---------- DATA PROVIDED ----------

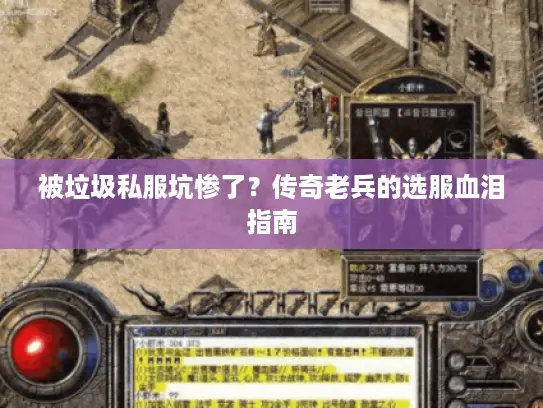 被垃圾私服坑惨了？传奇老兵的选服血泪指南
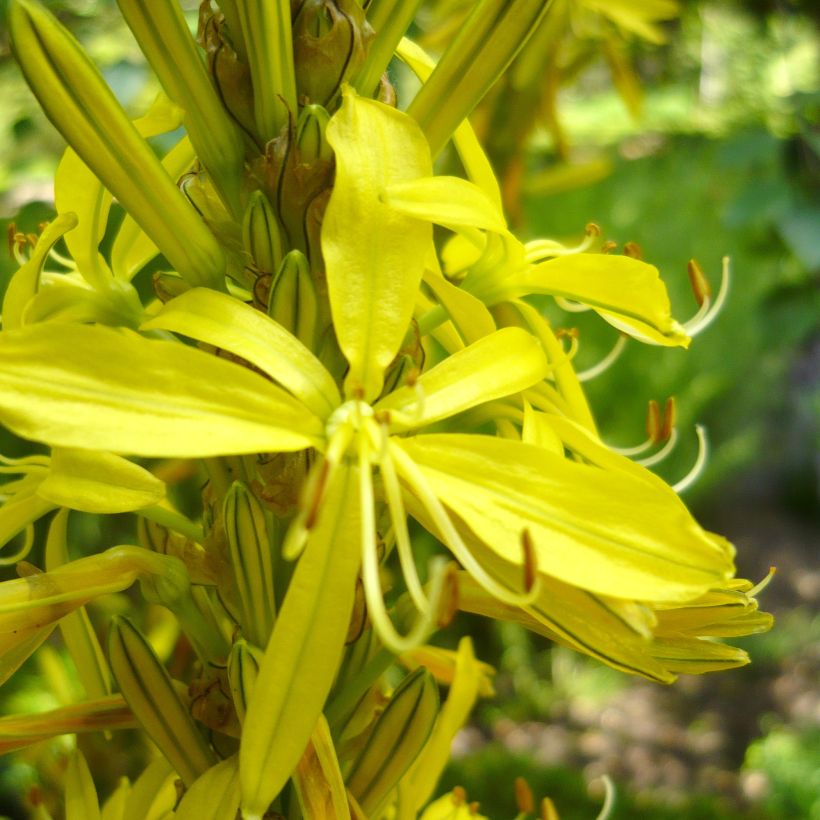 Adriansoihtu - Asphodeline liburnica (Kukinta)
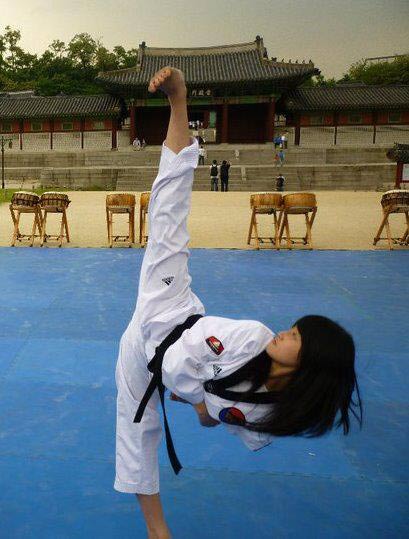 taekwondo-yupchagi-picture-1.jpg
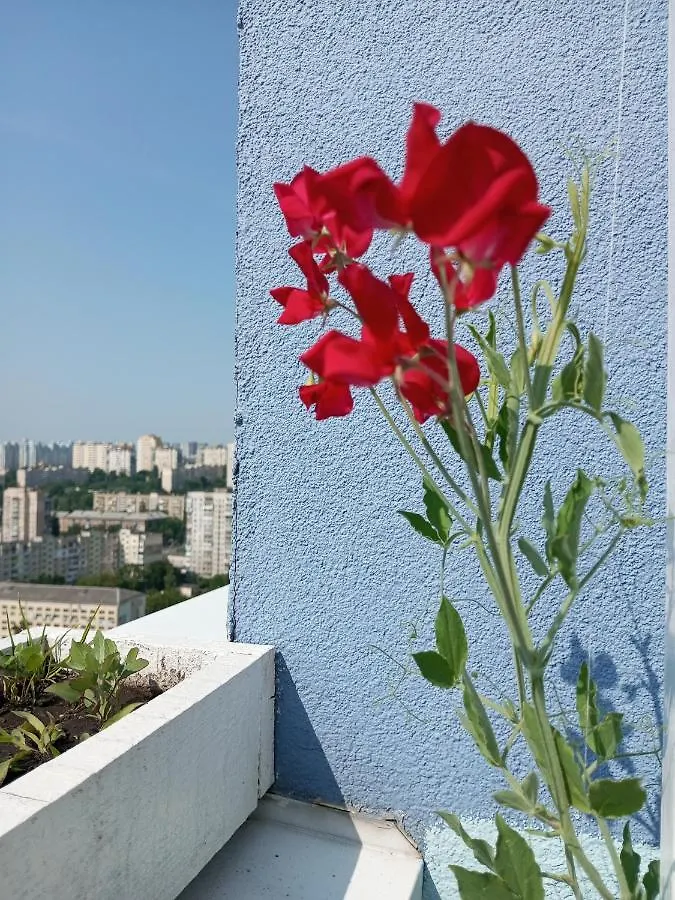 Небольшой Пентхаус С Прекрасным Видом На Город 0*, Kyiv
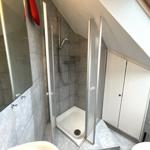 Duschbereich mit Duschkabine, Spiegelschrank und Fenster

----------

PROBLEM
Please set down the records above verbatim, with each picture left out.

PROBLEM SOLUTION
 被垃圾私服坑惨了？传奇老兵的选服血泪指南
 Adriansoihtu - Asphodeline liburnica (Kukinta)
 taekwondo-yupchagi-picture-1.jpg
 Небольшой Пентхаус С Прекрасным Видом На Город 0*, Kyiv
 Duschbereich mit Duschkabine, Spiegelschrank und Fenster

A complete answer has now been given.